Accordingly, the Court concludes that the allegedly fraudulent statements here are not puffery or opinion.
3. Scienter
AIP next argues that FAM has failed to plausibly plead fraudulent intent. [ECF No. 22 at 13-14].
AIP's allegedly fraudulent statements fall into two categories: (1) statements about past or present events (i.e., that it had spent money and was expending resources on the Avalanche brand); and (2) promises regarding future conduct (i.e., that it would continue devoting resources to the Avalanche brand). With respect to the first category, to prevail, FAM must show that AIP knew the statements were false and made them to induce FAM's reliance. See Ambac Assurance, 106 N.E.3d at 1182 (applying New York law); Robinson Helicopter, 102 P.3d at 274 (applying California law). With respect to the second category, FAM must show that, when the promise was made, AIP intended not to honor it and made it to induce reliance. Cohen v. Koenig, 25 F.3d 1168, 1172 (2d Cir. 1994) (applying New York law); Sorensen v. New Koosharem Corp., No. 15-cv-01088, 2015 WL 12826460, at *4 (C.D. Cal. June 29, 2015) (applying California law). At this stage, with respect to both categories, FAM must allege facts sufficient to allow the Court to reasonably infer scienter. N. Am. Catholic Educ. Programming Found., 567 F.3d at 13.

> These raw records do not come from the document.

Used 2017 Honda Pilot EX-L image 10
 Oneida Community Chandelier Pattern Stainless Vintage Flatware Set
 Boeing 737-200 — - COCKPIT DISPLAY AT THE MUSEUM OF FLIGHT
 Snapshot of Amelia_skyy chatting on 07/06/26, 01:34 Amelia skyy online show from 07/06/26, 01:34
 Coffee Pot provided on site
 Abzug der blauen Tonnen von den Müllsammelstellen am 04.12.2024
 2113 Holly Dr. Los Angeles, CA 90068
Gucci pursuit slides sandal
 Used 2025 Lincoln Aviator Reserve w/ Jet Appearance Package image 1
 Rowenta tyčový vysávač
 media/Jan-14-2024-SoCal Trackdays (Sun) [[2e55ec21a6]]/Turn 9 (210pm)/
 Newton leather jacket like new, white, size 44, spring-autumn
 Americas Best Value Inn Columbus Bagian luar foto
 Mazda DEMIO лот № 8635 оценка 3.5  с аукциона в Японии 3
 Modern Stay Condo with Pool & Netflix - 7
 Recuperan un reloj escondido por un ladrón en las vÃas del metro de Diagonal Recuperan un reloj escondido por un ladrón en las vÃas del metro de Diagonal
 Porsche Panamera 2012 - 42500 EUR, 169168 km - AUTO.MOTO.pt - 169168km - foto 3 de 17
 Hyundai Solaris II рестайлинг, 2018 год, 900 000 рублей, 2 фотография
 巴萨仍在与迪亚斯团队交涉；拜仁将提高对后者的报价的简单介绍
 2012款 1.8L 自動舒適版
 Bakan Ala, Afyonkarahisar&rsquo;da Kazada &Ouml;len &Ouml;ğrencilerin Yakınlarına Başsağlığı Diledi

FAM has met its burden with regard to the first category of allegedly fraudulent statements. FAM alleges that (1) after AIP acquired the Avalanche brand, Avalanche-branded clothing "disappeared from brick and mortar locations outside of club stores," and the Avalanche website became defunct, [Ans. at 6], (2) AIP did not provide FAM with samples, [id. at 7], (3) FAM's club store business suffered significantly after the RBX acquisition, [id.], and (4) Mr. Yedid, AIP's CEO and Managing Partner, made the allegedly false statements while engaged in a dialogue with FAM's representatives regarding the Extension during which FAM's representatives had expressed reservations about the Avalanche brand's "rebuilding" and "retail presence," [id.; ECF No. 23-1 at 2-3]. Taken together, these allegations reasonably allow the inference that, assuming the statements were false, AIP knew they were false and made them to encourage FAM to agree to the Extension.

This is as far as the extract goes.